According to the Rhode Island Public Expenditure Council’s exhaustive study, the per pupil expenditure (PPE) for charter schools is 16.4% lower than the state’s overall average PPE of $17,983. This report details the myriad ways charters get nickel-and-dimed by laws and regulations designed to send big portions of their per-pupil expenditure back to the district from which the student came. For my summary of that report, see here.
Charters must accomplish more to survive, while working with far less.
3. Housing aid
Municipalities own and theoretically maintain district buildings. Charters must buy or rent, using their reduced per-pupil expenditures with, if they’re lucky, private donations. Districts can defer maintenance on their buildings while charters must keep them up as a condition of their charter renewal.

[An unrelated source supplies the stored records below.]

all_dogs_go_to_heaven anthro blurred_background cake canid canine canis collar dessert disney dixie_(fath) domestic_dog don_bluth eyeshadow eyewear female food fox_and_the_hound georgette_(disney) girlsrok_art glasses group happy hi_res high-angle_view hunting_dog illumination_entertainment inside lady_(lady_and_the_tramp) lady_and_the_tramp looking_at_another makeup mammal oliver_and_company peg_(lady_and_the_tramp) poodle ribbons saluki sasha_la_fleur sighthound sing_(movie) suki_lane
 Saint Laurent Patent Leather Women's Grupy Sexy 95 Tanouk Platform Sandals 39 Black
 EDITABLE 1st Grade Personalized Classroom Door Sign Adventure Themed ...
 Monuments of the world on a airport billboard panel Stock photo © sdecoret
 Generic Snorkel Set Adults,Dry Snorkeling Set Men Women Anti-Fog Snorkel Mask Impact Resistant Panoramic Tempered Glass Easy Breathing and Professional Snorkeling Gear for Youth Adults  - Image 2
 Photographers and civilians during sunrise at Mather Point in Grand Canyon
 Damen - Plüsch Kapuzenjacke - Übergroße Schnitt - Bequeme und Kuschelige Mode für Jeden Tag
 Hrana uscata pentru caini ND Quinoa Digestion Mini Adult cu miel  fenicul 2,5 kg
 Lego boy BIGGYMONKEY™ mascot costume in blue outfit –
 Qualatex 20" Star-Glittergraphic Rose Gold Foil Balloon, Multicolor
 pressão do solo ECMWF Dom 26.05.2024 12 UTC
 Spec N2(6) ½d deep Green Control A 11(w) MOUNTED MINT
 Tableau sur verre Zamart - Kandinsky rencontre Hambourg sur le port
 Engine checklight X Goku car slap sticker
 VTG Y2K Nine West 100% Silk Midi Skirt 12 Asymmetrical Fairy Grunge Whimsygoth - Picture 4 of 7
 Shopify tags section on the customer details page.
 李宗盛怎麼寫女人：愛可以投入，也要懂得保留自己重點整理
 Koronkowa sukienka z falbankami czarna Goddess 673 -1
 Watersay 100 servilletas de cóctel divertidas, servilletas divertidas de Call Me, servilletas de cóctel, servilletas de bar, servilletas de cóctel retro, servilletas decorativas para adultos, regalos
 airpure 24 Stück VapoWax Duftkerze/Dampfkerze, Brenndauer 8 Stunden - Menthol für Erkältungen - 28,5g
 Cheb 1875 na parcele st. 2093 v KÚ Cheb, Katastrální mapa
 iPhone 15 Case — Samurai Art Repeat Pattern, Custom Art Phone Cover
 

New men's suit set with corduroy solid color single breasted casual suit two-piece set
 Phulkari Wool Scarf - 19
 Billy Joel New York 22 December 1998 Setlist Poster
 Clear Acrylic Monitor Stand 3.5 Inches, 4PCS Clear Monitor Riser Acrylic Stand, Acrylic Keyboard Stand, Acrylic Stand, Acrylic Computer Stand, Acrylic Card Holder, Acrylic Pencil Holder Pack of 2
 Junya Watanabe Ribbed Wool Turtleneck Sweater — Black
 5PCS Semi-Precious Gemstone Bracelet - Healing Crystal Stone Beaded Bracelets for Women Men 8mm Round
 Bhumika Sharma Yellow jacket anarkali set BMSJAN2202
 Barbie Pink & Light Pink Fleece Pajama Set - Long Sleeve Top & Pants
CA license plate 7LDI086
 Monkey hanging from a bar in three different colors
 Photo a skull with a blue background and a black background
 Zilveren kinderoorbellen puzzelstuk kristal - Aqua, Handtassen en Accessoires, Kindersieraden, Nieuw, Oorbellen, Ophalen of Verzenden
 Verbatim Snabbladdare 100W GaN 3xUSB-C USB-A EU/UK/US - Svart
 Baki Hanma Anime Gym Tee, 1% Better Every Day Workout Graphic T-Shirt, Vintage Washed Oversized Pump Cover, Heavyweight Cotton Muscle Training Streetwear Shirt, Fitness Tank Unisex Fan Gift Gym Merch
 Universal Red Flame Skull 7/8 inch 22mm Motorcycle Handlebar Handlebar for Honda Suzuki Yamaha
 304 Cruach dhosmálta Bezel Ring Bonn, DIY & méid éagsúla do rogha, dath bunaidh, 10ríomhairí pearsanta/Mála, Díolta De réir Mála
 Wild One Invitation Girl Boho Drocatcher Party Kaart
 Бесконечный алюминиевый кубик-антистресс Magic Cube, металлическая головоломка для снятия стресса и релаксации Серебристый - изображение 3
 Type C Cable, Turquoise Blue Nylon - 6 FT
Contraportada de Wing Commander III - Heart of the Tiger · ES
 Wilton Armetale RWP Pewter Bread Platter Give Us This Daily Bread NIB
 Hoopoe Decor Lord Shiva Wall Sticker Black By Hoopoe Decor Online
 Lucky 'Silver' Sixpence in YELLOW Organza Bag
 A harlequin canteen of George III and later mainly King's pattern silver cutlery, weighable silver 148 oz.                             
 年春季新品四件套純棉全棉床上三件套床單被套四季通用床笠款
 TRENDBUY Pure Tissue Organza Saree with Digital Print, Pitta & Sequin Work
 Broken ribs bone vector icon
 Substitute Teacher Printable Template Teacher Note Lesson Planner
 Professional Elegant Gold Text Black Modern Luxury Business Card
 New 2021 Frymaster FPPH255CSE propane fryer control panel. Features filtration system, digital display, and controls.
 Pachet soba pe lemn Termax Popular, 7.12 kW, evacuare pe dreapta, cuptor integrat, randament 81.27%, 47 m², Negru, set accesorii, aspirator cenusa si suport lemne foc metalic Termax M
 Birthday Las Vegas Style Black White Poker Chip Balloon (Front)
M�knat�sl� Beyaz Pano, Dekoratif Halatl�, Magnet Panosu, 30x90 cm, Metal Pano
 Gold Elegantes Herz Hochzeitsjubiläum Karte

The state kicks in money to support certain large capital projects at vastly different rates. Theoretically, the rates are based on a district’s ability to pay for such work – classroom additions, renovations of old buildings, modernization of outdated facilities.
A recent Charter League report details those rates and crunched some numbers to show the dollar effects of discriminatory reimbursement rates. Bottom line: Charters get no more than 30% reimbursement, whereas the richest districts in the state get at least 35% help with the buildings they already own. Providence and Pawtucket get 80% reimbursement and Central Falls 96%, which no one begrudges. But charters also disproportionately educate low-income students 71.1% vs. 47.8% in traditional districts, according to the RIPEC report.
All kids deserve public options, including collaboratives and traditional public schools. Choice and options are key to an engaged, satisfied public.
But the state denies families charters because special interests have the power to create legal subtleties and are working to cripple them. What’s the justification? Exactly who are the schools for?